◆ **What the task requires**: Give back the line that contains "Australian Kelpie" and every following line, exactly as they appear, through the end of the data.

◆ **Data**:
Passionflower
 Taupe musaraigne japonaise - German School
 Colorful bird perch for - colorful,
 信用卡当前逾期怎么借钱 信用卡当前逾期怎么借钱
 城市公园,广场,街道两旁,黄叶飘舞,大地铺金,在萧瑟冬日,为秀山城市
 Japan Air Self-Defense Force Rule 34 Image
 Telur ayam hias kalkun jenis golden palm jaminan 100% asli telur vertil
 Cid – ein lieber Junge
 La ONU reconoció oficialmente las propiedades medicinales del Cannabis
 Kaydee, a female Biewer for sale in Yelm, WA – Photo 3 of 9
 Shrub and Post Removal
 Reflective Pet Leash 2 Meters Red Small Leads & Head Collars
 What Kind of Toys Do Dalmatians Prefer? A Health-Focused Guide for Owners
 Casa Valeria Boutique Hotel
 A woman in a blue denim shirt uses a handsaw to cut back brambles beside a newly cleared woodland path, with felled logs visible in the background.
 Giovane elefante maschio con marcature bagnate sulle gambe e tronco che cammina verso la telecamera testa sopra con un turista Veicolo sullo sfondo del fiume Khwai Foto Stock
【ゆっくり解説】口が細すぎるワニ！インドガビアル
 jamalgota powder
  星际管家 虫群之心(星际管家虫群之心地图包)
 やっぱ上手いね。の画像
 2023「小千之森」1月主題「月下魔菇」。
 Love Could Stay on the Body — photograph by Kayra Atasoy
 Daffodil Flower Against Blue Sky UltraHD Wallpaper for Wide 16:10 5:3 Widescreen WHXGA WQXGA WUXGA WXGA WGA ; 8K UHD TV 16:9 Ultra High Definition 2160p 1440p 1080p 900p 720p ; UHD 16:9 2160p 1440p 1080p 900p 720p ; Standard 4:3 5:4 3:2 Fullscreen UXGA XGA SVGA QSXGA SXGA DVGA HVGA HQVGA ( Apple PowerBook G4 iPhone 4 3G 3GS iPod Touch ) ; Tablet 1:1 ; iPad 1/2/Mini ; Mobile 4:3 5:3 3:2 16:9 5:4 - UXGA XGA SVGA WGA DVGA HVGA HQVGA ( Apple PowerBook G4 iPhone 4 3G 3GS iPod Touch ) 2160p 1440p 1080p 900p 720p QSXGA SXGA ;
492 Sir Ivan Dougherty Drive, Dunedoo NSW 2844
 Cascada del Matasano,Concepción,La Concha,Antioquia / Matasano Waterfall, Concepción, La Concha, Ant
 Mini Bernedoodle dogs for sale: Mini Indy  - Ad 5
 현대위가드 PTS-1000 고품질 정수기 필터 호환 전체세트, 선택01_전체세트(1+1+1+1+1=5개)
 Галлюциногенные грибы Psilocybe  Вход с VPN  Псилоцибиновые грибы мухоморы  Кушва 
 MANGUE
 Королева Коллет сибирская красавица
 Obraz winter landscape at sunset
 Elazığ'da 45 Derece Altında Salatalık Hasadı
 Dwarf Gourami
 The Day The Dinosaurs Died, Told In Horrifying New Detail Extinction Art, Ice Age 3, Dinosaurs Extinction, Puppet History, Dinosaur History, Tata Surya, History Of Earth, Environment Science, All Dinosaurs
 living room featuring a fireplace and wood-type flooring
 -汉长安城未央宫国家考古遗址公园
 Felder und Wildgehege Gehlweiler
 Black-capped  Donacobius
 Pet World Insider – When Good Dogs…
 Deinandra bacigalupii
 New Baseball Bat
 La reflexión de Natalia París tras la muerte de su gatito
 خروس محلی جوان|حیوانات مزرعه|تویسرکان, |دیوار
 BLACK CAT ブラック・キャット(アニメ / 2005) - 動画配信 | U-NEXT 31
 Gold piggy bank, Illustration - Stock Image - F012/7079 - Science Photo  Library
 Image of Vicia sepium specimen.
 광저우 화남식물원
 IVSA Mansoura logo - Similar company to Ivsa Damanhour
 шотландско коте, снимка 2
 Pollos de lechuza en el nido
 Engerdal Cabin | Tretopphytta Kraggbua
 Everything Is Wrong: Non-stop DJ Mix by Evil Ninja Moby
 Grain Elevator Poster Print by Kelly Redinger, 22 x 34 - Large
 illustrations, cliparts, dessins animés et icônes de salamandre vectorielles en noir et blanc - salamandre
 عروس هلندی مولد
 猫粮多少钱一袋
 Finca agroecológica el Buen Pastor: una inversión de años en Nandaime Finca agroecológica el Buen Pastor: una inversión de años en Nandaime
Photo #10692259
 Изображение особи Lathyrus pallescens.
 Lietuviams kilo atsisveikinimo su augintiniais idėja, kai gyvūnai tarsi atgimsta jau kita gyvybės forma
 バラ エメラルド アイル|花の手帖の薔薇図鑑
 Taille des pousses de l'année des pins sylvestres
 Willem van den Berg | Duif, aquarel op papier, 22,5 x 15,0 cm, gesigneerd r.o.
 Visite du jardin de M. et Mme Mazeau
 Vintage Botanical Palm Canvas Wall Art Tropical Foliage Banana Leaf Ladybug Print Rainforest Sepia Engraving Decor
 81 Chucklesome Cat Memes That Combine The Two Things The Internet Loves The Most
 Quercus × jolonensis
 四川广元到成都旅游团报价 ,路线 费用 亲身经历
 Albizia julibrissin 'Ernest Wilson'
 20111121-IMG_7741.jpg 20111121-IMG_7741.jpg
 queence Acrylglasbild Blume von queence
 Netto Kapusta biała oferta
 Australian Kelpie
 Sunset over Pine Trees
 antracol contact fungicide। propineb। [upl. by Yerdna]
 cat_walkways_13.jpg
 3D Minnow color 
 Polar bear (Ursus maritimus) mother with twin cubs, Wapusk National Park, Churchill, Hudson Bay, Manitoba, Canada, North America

◆ **Problem solution**:
 Australian Kelpie
 Sunset over Pine Trees
 antracol contact fungicide। propineb। [upl. by Yerdna]
 cat_walkways_13.jpg
 3D Minnow color 
 Polar bear (Ursus maritimus) mother with twin cubs, Wapusk National Park, Churchill, Hudson Bay, Manitoba, Canada, North America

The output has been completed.